I love summer. I love the pace, the longer days, and the feeling that time stretches just a little further than usual. The dry heat doesn’t bother me—I’m a California native who spent a year living in Israel, so this is my natural habitat. And despite the mosquitoes, I love being outside in the evenings, hearing the birds settle down as the neighborhood grows quiet. Most of all, I love that summer seems to create extra time for reading—or at least puts me in a rhythm where I make more of it. I am almost always reading both fiction and non-fiction, and this week I devoured Sarah Hurwitz’s remarkable book As a Jew: Reclaiming Our Story from Those Who Blame, Shame, and Try to Erase Us.

It may not sound like a typical summer read, but I found it unexpectedly comforting. Hurwitz writes with honesty, wisdom, and much-needed self-compassion about being Jewish in a world that often misunderstands or distorts Jewish identity and history. Drawing on both scholarship and current events, she helps explain why so many Jews have felt unsettled since October 7. What I appreciated most was not simply that I agreed with her analysis, but that she gave language to feelings many of us have struggled to articulate. Those of us fortunate enough to come of age during an unusually secure chapter of Jewish American life have found ourselves confronting realities we, perhaps naively, never anticipated.

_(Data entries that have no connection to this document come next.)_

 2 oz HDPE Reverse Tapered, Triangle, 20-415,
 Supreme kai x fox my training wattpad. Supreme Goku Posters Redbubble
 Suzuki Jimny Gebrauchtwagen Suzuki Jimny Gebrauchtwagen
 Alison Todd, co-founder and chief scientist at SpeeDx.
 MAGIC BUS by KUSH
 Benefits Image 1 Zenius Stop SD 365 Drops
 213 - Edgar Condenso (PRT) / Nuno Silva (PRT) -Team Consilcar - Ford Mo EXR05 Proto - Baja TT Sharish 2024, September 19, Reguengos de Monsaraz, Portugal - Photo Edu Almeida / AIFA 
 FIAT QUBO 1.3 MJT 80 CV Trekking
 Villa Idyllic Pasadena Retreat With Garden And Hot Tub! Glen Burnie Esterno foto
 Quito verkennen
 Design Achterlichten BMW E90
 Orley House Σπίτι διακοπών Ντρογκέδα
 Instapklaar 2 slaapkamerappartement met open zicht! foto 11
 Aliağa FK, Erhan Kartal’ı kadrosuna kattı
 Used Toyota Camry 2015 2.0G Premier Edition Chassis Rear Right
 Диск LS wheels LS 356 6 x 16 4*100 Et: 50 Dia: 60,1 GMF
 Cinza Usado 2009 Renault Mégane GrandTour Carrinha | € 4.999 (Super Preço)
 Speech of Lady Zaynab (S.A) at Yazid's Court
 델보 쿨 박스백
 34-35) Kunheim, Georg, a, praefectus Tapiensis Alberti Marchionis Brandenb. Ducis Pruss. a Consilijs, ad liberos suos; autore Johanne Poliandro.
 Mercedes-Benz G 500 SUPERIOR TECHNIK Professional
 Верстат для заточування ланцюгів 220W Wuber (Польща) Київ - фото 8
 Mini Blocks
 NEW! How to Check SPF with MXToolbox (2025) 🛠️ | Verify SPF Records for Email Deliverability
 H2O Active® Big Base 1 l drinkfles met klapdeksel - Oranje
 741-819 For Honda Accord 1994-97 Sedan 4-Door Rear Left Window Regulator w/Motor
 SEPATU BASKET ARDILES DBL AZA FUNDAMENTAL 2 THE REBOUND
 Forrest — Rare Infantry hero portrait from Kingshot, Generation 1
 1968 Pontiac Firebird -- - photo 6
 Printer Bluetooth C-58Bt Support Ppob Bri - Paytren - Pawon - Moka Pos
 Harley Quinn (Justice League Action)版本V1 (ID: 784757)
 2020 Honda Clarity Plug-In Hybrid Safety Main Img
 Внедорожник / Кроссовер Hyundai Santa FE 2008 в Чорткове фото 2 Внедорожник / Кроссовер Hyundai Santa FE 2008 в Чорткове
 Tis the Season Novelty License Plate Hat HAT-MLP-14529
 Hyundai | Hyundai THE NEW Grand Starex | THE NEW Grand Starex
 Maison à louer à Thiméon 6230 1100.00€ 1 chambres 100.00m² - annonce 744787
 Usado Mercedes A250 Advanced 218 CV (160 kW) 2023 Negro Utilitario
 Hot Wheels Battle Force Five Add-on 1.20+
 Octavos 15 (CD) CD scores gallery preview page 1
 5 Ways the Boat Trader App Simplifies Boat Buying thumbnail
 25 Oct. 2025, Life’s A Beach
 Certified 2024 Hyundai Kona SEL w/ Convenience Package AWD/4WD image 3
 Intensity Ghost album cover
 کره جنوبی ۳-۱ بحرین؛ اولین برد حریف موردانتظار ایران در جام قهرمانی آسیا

Some of the most difficult chapters trace the long history of antisemitism across centuries. At times, they were painful and even grueling to read. Yet I found myself equally struck by another truth: despite every attempt to marginalize, expel, convert, or destroy us, the Jewish people are still here. Reading that history was a sobering reminder of how much our ancestors endured but also an extraordinary reflection on Jewish continuity. Jewish resilience has never depended on denying hardship. It comes from knowing who we are, telling our story truthfully, and remaining connected to the traditions that have sustained our people across generations.

If you’re looking for a meaningful summer read, I highly recommend As a Jew. And if you haven’t yet encountered her earlier book, Here All Along, it is equally worth your time. Reading both left me reflecting on how much our rituals, our faith, and the rhythms of the Jewish calendar continue to hold us together, even in difficult moments. Wishing you opportunities this summer to slow down, reflect, read something meaningful, and enjoy these long days.

Shavua tov and chodesh tov—to a good week and month ahead.